I keep some on hand and use it occasionally if I feel like doing something crazy. I've used it in a 50% corn cream ale, and a 50% potato beer. I just add it to my mash. I don't know how to calculate efficiency with odd ingredients like these, but it definitely converted the starch, and it's always been good beer.
I've used Alpha-Galactosidase once for a light beer. I bought it from a homebrew shop. It was 3 tablets (crushed) per 5 gal batch. I bought some Beano to try instead. It is the same stuff (exactly?). I'll be brewing up another batch soon, trying the beano instead
I use Amylase in my light beers with good results. It produces a dry crisp beer but can take a long time. I've also used it in high percentage wheat beers as cheap insurance for getting full conversion.
Well what enzymes you use depends on what you are trying to accomplish.
If you are trying to break down whole gelatinized starch, or convert larger sugars into smaller more fermentable sugars. For the former, I would recommend an alpha-amylase enzyme. Those are typically found in homebrew shops listed as "amylase enzyme", which is misleading. The easiest alpha-amylase to find is usually a bacterial one that works within the 120-165 F range. Depending on the concentration of the enzyme (it can be altered by the supplier or the provider by adding more maltodextrin) dosage can be a few grams to a full ounce. This is typically called the "liquefaction" process of converting starch into dextrins (random sugars). Some commercial products are "Termamyl SC" or "SEBamyl BA".
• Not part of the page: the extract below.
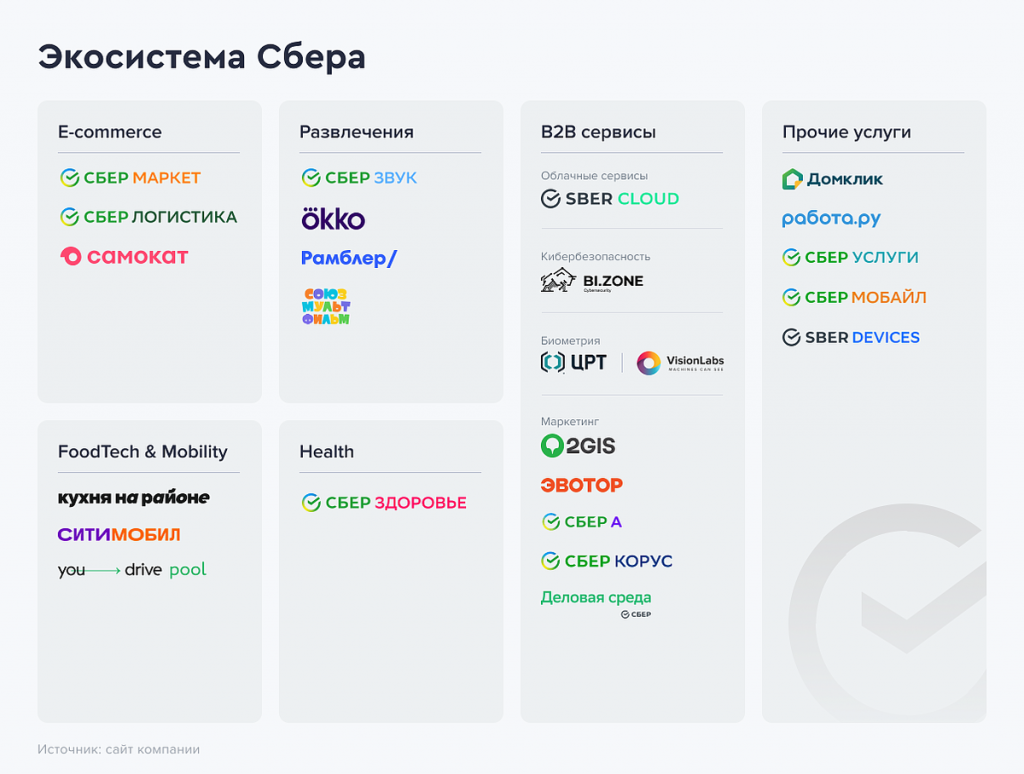 Дизайн образовательной платформы «Деловая среда»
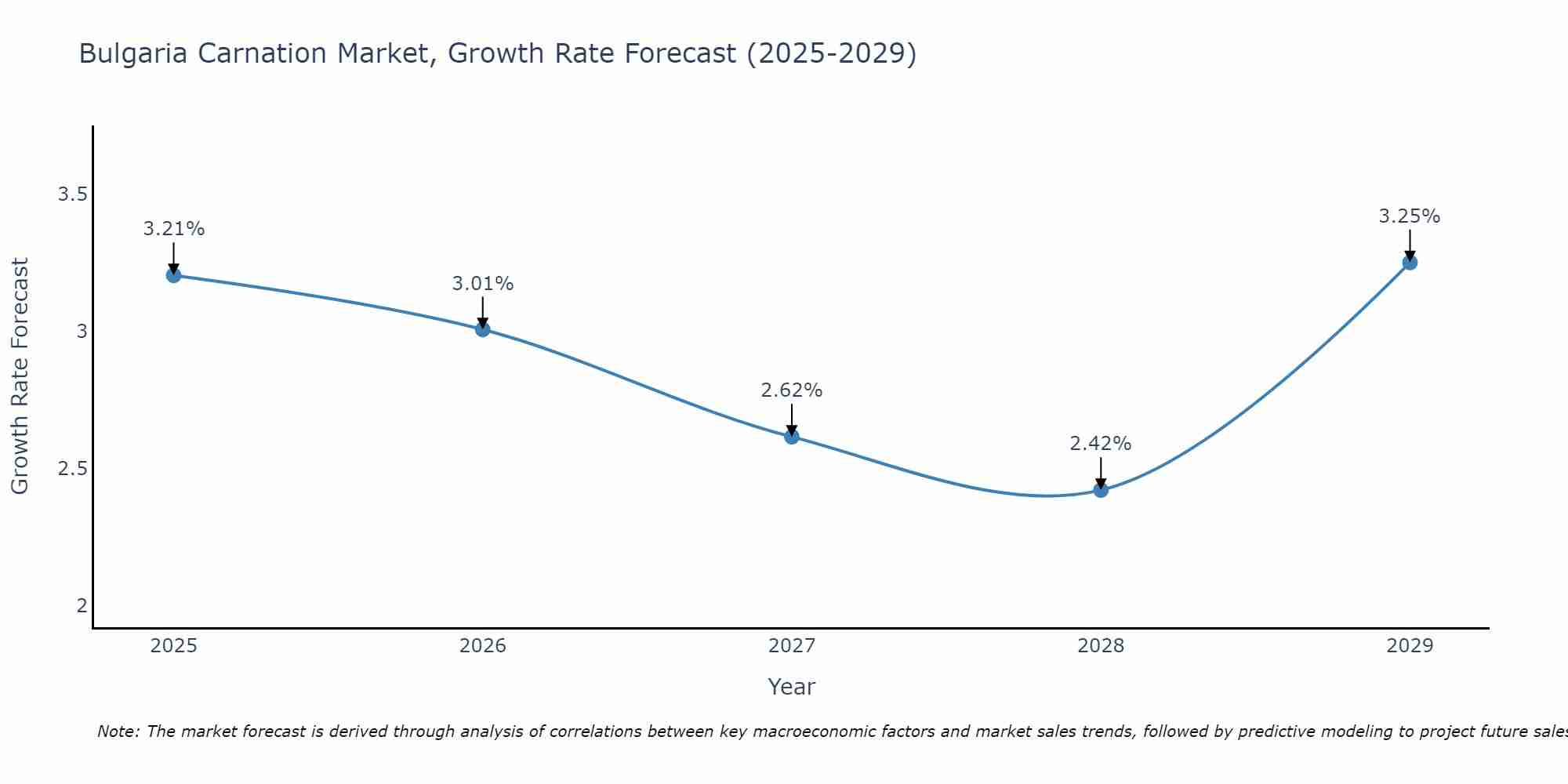 Bulgaria Carnation Market Growth Rate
To further break down the dextrins, or to make a "light" beer, a glucoamylase will be required. This enzyme works below 135 F, on even down to ale fermentation temperatures. This enzyme will break down the larger sugars into glucose, provided enough exposure, can make a 90-95% fermentable mash. Glucoamylase is also known as amyloglucosidase as their scientific names. Some commercial products are "Convertase AG" or "Ultra-Ferm".
Malted barley provides alpha-amylase and beta-amylase to the mash, which means it, converts itself with its own "liquefaction" and "saccharification" steps.
Alpha-amylases can be found in three different temperature ranges: Low, medium, and high. But like I said before, most distributors only have the medium temp one (it is the cheapest).
Hope this helps more than confuses, if you require more information look up "Liquefaction" or "liquefaction enzymes" in Google, there are some good papers on that. Also "The complete joy of homebrewing" 3rd edition has some notes on enzyme uses around pg.218 I think.
P.S. Sorry if I am not allowed to mention brand names, but there is usually some confusion as to whether the name describes a function or was made up on the fly. All those products are from different providers, so hopefully that makes it better...
So what's the consensus on quantities needed for 5 gal and 10 gal batches? Let's say you do a 90% wheat beer? 80% wheat? 60% wheat? etc... Somebody should really come up with a chart with percentages of major adjuncts along one side and quantities of alpha and beta amylases on the other.
That would make life too easy. That is actually one of the things that enzyme providers do on purpose usually. They change or mask the activity of their enzyme through various means so that "no one knows" the activity except them.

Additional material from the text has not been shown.